◆ TASK
Look through the entries below for the line with "17 Gold Colored" and the line with "A black and", then give again exactly those two lines and all lines between them, minus the pictures.

START DATA SECTION

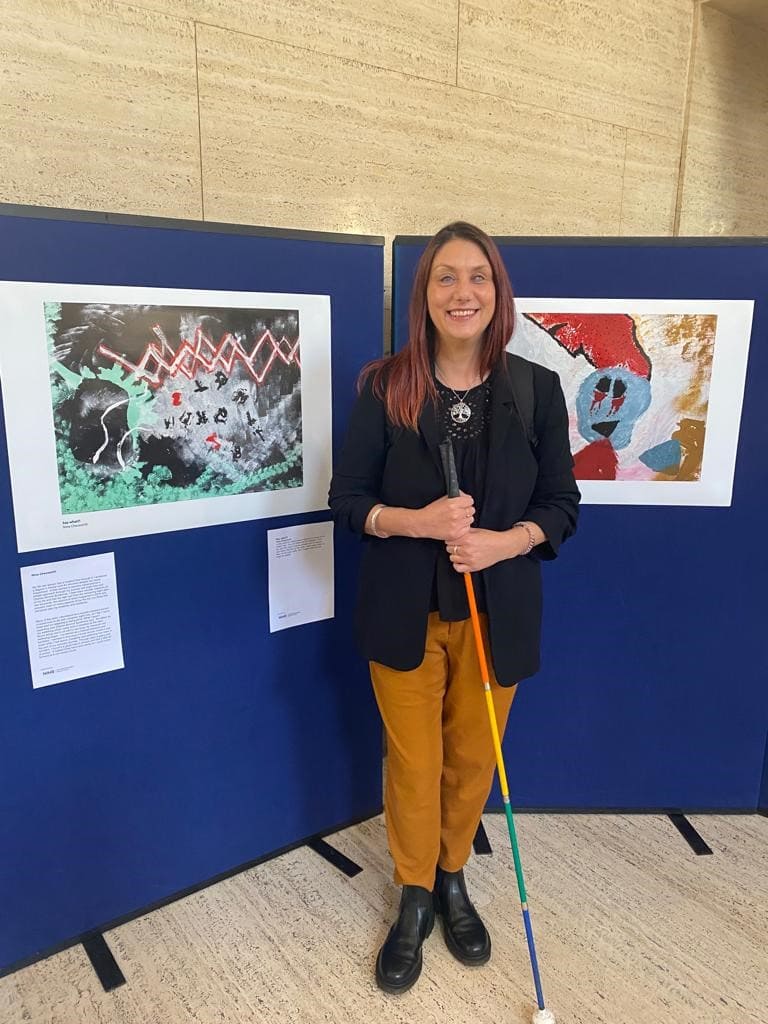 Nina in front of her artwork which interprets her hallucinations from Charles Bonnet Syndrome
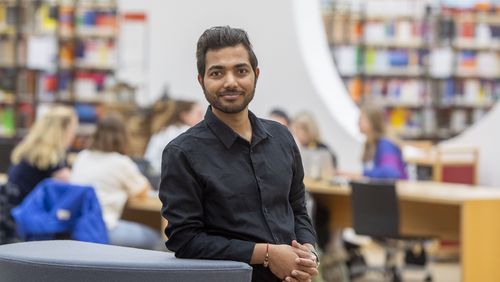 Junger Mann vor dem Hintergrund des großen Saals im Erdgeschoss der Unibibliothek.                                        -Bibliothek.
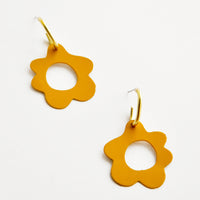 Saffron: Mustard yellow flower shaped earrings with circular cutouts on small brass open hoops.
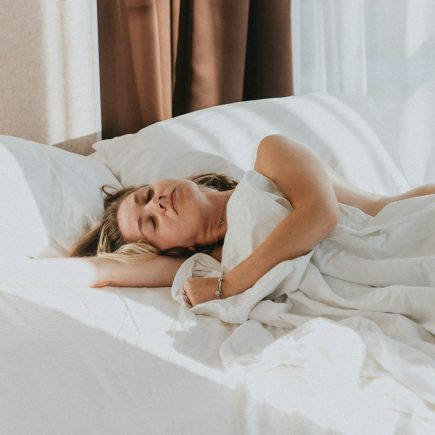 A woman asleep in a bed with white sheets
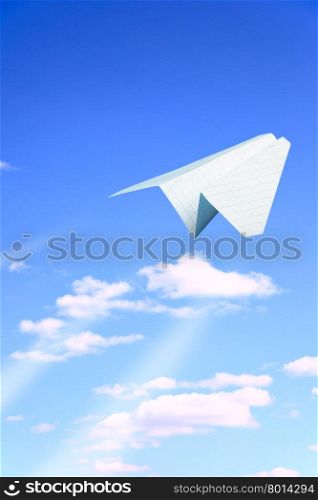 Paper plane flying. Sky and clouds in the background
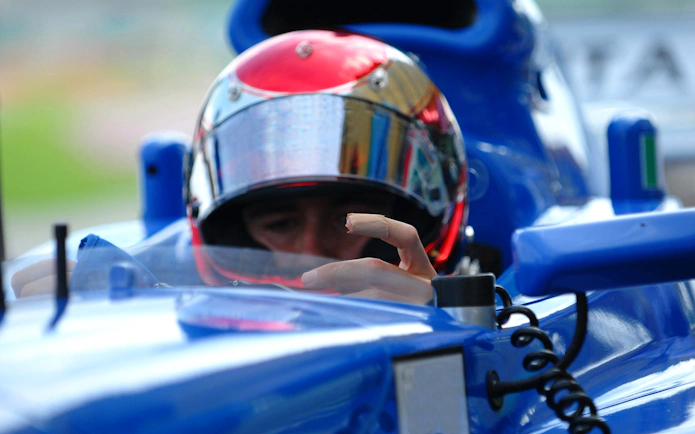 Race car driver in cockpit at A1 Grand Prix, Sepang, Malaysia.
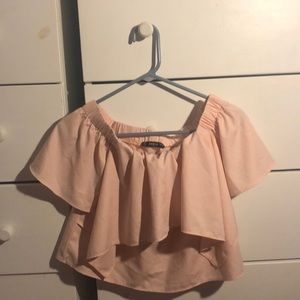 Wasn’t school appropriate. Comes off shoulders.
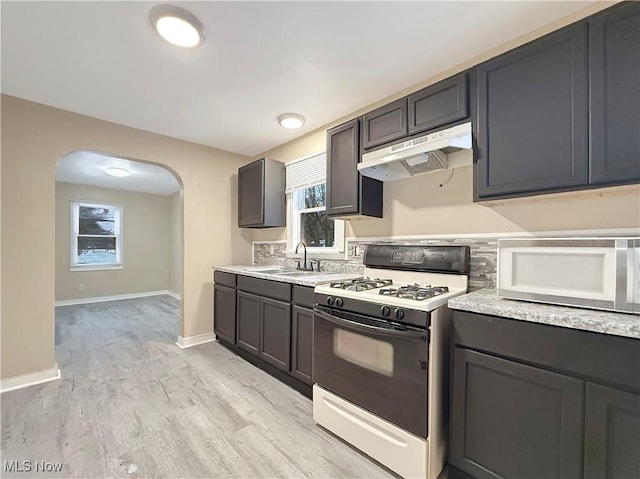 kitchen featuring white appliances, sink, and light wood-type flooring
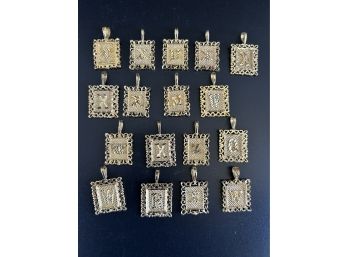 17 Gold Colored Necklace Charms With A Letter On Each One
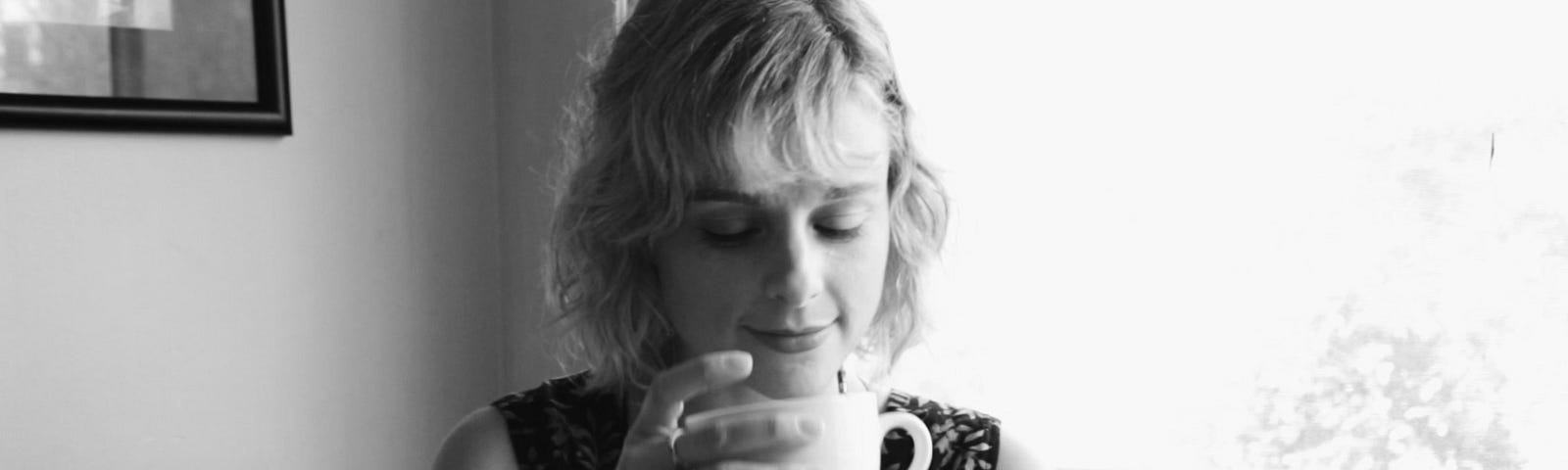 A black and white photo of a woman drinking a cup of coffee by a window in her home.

END DATA SECTION
START DATA SECTION

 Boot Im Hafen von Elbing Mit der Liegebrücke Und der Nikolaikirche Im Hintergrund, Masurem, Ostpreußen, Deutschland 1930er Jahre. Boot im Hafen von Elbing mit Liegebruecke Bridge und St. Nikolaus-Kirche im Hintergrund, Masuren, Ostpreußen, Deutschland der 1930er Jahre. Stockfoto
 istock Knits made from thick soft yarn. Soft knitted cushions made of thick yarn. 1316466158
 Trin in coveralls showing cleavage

END DATA SECTION

◆ OUTPUT FOR THIS EXERCISE
 17 Gold Colored Necklace Charms With A Letter On Each One
 A black and white photo of a woman drinking a cup of coffee by a window in her home.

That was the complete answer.